For September 26, 2018        
“Mosquitoes troublesome” is one of the most frequently-repeated phrases in the journals of Lewis & Clark.  Things have not changed much since 1804:  mosquitoes still suck. And therein lies the rub. For mosquitoes are more than trouble: they’re deadly. They carry diseases like yellow fever to humans and encephalitis to animals. Sometimes they spread diseases from animals to humans. Yet not all blood-borne viruses and bacteria of humans are transmitted by blood-sucking insects. Similarly with crops:  insects such as aphids or thrips can move pathogens from plant to plant, cutting yield & quality, sometimes spreading hunger, sometimes speeding famine.

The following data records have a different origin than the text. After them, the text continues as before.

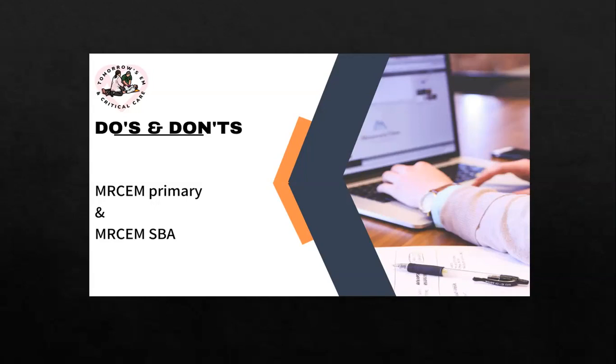Before entering the exam room, ask them to give you a pen and paper for rough use. During the exam, a transparent paper and a marker pen will be provided by the centre. You are allowed to write on the paper only after starting your exam, not before. No overwriting and no cutting of words are allowed. You can use the paper to write mnemonics, confused answers, calculations, or figures — whatever you need — but only after the exam has started.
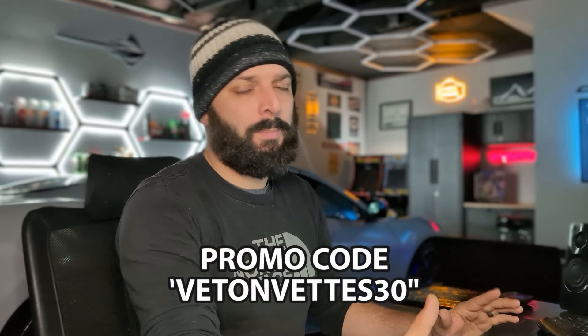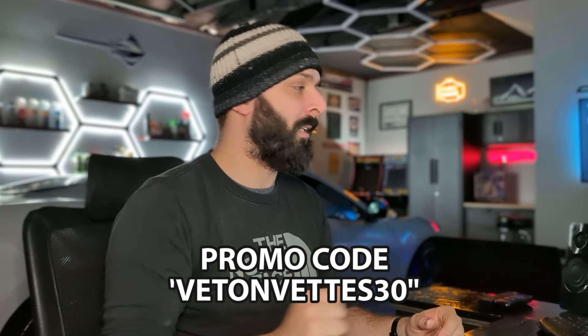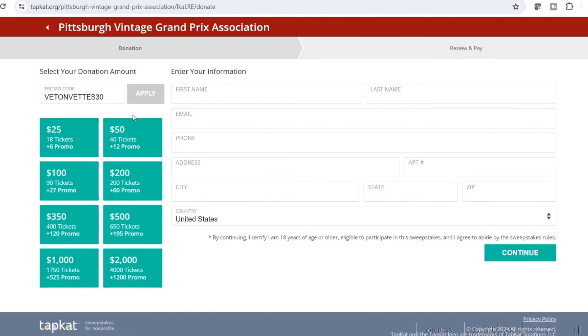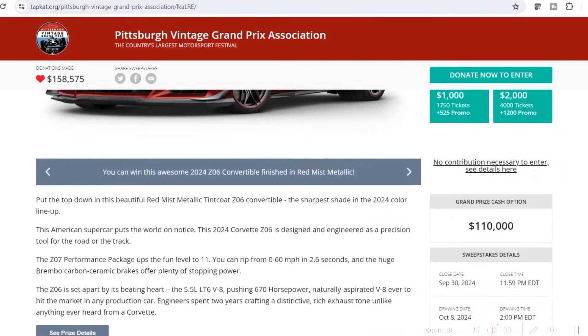Who wants to win a brand new Z06 plus thirty thousand dollars for twenty-five dollars? I partnered with the Pittsburgh Vintage Grand Prix Association for your chance to win big. Go to the website in the description, click the link, hit 'Donate Now,' use my promo code to get 30 more tickets, fill in your info, and hit continue. You have until September 30th, 2024, with a drawing date of October 8th.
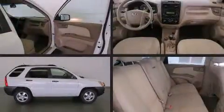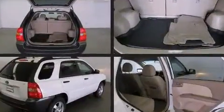Here's a great deal on a 2007 Kia Sportage. It features a standard transmission, front wheel drive, and a two-liter four-cylinder engine.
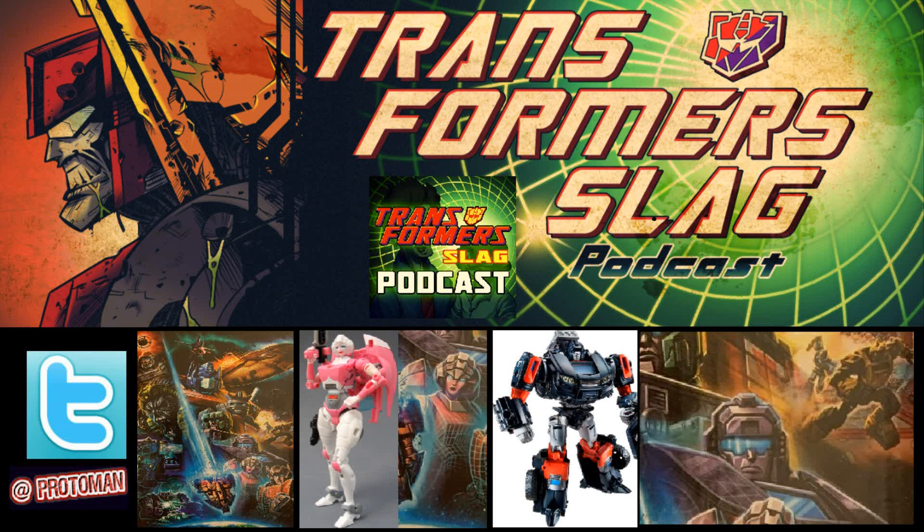Let's go through it top to bottom. Obviously, right away we have the Ark and the Nemesis — there are going to be no toys of those. But moving on, we've got Unicron in the top left. That's obviously because we have the War for Cybertron Unicron toy from HasLab coming. Not much to say about that one — no surprise there.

But not all aphids that suck on plants move viruses; and not all viruses in a plant will necessarily be moved by an aphid. Ninety years ago Isme Hoggan of Plant Pathology used this specificity to pioneer ways to distinguish between two viruses co-infecting a plant by using aphids to move only one virus to a healthy plant. So skeeters and aphids are more than flying syringes, but what are the keys to their specificities from both ends of their aerial sorties?  
This week (September 26) Tom German of the Departments of Plant Pathology and of Entomology gets to revel & ravel in this Gordian Knot in his talk entitled, “Virus-Vector Interactions:  Potential for Biorational Control.”